Known for creating fantastical art that expresses chaos and evokes powerful emotions, Swiss-born and Los Angeles-based artist Christina Forrer is hosting her second solo exhibition at Luhring Augustine Gallery in Tribeca through Oct. 29.
Just from the street view of the gallery, the bright colors of Forrer’s weavings jump out from the windows. “Turnip Growing” and “Elephant on Chair,” both Boschian-inspired weavings, greet the viewer from the wall opposite the door and windows.

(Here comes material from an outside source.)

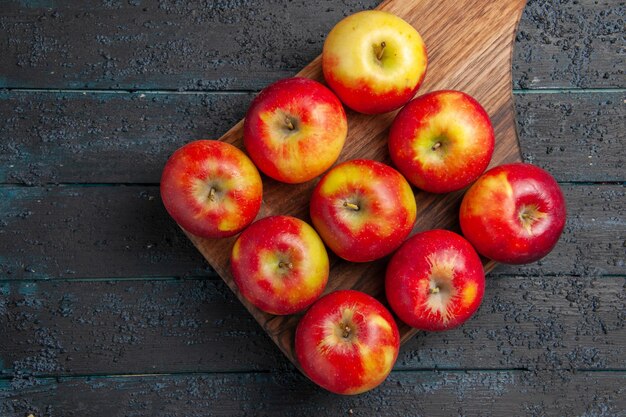 Vista de cima de perto maçãs a bordo de nove maçãs amarelo-vermelhas em uma tábua de madeira na mesa cinza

Both textiles incorporate bright color blocks and caricature-inspired characters, including a purple bearded elephant sitting in a lounge chair with a girl hanging off its trunk. “Turnip Growing” includes worms, a knife-wielding man, a detached bloody foot, and most importantly, a turnip growing out of the ground. Turnips, presumably a symbol of Forrer’s fears, manifest themselves as an essential motif of her art throughout various pieces.

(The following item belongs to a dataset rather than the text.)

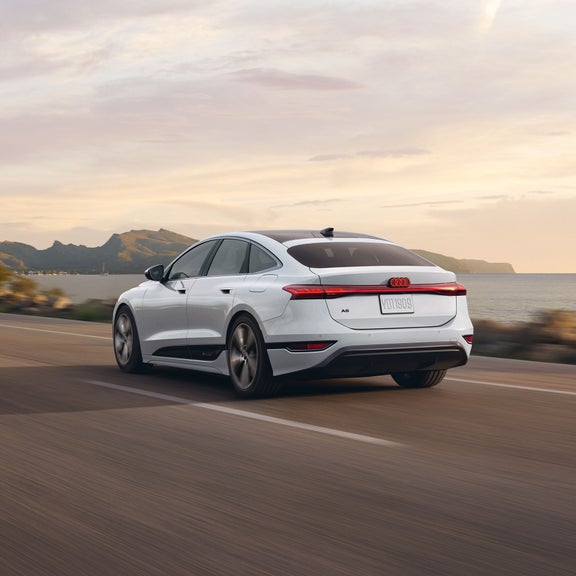 Rear 3/4 rear view of the Audi A6 Sportback e-tron in motion.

Forrer’s art magnetically pulls visitors into the gallery. While her drawings are displayed inside glass cases throughout the main showroom, the curatorial choice to hang the weavings around the perimeter of the room enhances the exhibit’s dynamism and creates a story.
Her work is emotionally striking, using conflict to cathect visitors and reflect on the challenges of everyday life. This chaos is expressed through common childhood fears, which make the walk around the gallery an immersive and cathartic experience.